I rang the doorbell before I could psyche myself out of it, and then played the waiting game for a few minutes, until his mother answered. She was usually always more than happy to see me, but it was understandable to see the wave of sympathy across her features as she enveloped me into a hug.

"Oh, hello, sweetie," she said softly, holding me back gently by the shoulders to get a good look at me. I felt almost awkward, like I was being examined. "How have you been, dear? We haven't heard from you in a while. Come in, come in."

"I've been…better," I answered honestly as she led me to the living room. "I've definitely been better. Thanks for asking."

We sat across from each other on opposite couches, and I wrung my hands together. Where was Spencer?

"Mr. Atwood and I just finished dinner not too long ago," his mother said, trying to make polite conversation. "Did you want me to get you anything to drink?"

I shook my head. "No, I'm fine. Thank you though."

"I'm going to get myself a glass of tea. I'll be back in a minute." She smiled at me, though it seemed kind of forced, and stood up to go to the kitchen.

Something was wrong. The conversation thus far had seemed almost rehearsed, almost as if she felt like she had to distract me from something. She and I both knew why I had come here tonight, but it was a matter she didn't want to bring up.

When she sat back down, resting a glass of iced tea on the coffee table in front of her, I didn't hesitate to speak.
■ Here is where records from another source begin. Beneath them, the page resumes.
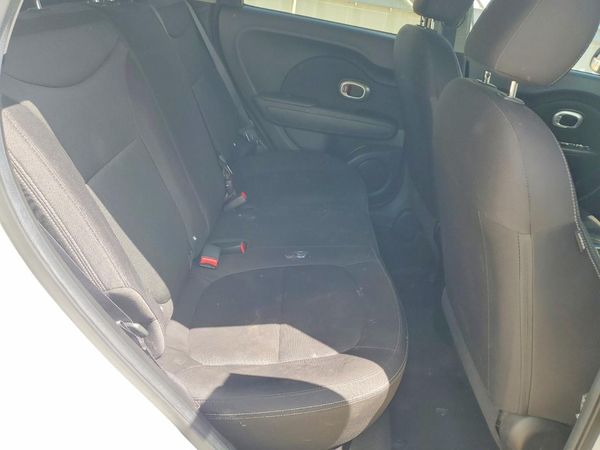 2015 KIA SOUL GL(Middle-low grade)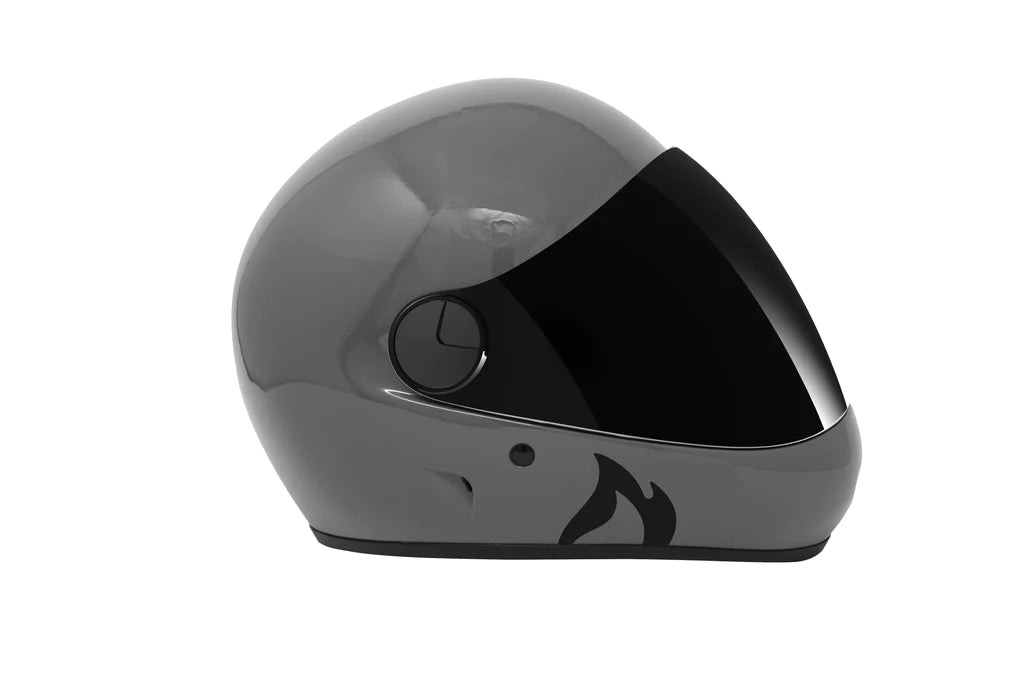 Gray DH6-Xe helmet with black visor and flame design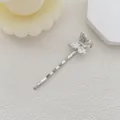 Dettaglio del fermaglio per capelli a farfalla argento in metallo lucido inciso - Stile Piccola Farfalla / Argento
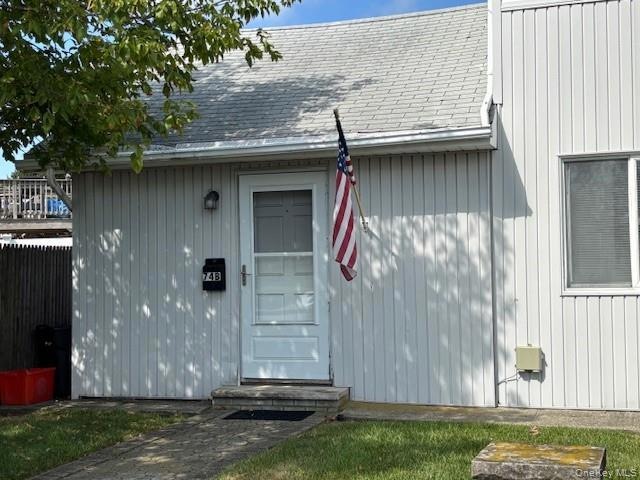 74 Radcliffe Rd unit Left, Island Park, NY 11558 - photo 1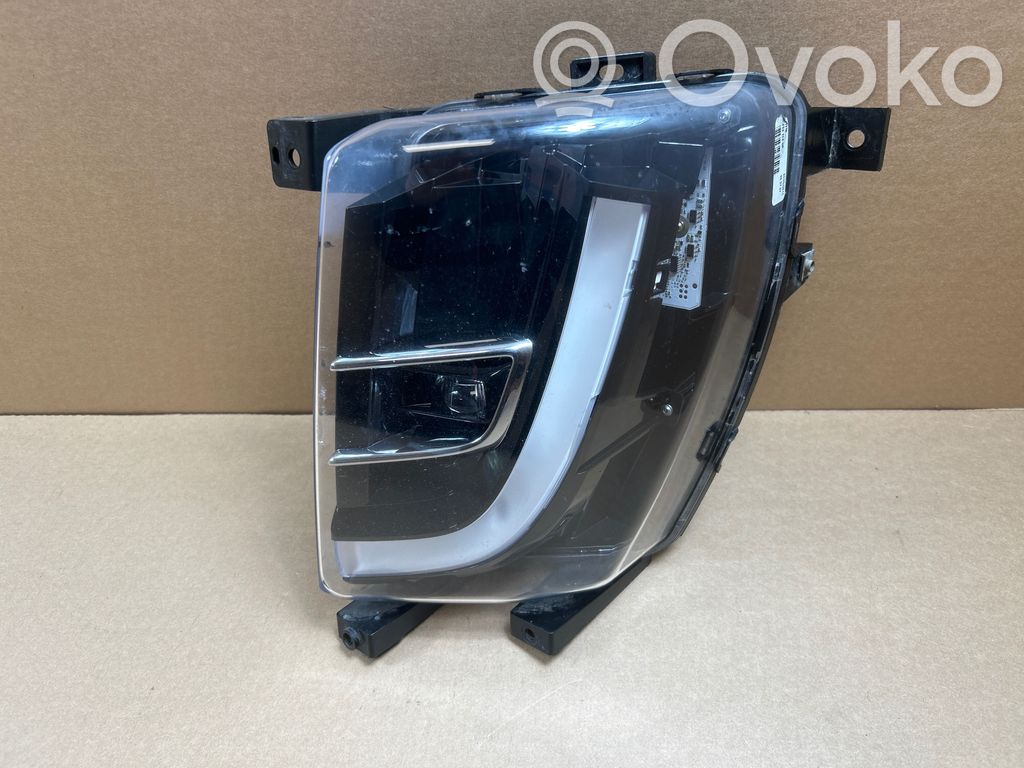 Tesla Model X Miglas lukturis priekšā 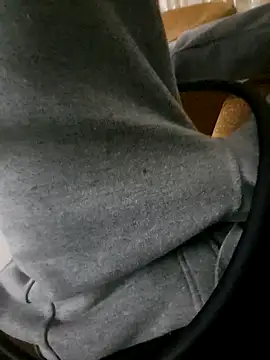 Snapshot of LuciousLyon chatting on 10/29/25, 10:44 LuciousLyon online show from 10/29/25, 10:44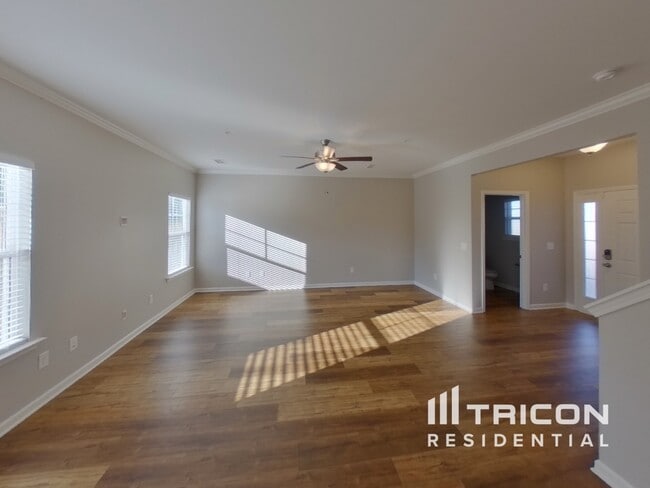 Photo - 622 Crooked Crk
"Mrs. Atwood, where's Spencer?"

She fidgeted, her mouth opening a few times, as if she was struggling to find the right words. Was she afraid about upsetting me over something?

"We meant to tell you about this sooner, but given everything that has happened this past summer, we held off," she said slowly.

"Held off on what?" I asked, panicking more and more by the second. Had something happened to him? No, no. I couldn't lose him, too. Spencer had to be fine, he just had to be.

"Spencer moved out a few weeks ago," she admitted at last. I was shocked that my jaw hadn't hit the floor. "I know it was sudden, but he told us that he missed his grandparents a lot, and they were more than willing to take him in. He'll be taking care of his senior year out there."

I was absolutely numb by now. The one person I needed now more than ever had just picked up and left without a second thought. Without telling me goodbye, without explaining himself in person. What the hell was with the vanishing act?

"He did leave us something to give you," Mrs. Atwood said, standing back up. "I'll go get it."

She ventured upstairs, leaving me alone with thousands of thoughts. I didn't know whether to feel angry or upset. I mostly felt betrayed. Had our relationship meant anything at all to him? Did we even have a relationship anymore, now that he decided he could just up and leave without bothering to say anything?

Mrs. Atwood was suddenly in front of me again, holding an envelope towards me that had my name scribbled on it. I recognized the handwriting at once to be Spencer's.

"He didn't really tell us much when he said he wanted to leave, but he wanted to make sure we gave you this," she said, sadness surrounding her words. "He said it would explain everything he wouldn't be able to tell you in person. He knew his leaving would be tough on you, especially given the circumstances."

I nodded, pretending to understand. That was all I could do. I stood up, my legs shaky.

"I think I'm going to head home, now. Thanks for your time, Mrs. Atwood. I'll see you later." I gave her a half hearted hug and rushed out to my car, breaking down in tears as soon as I was safe in the driver's seat.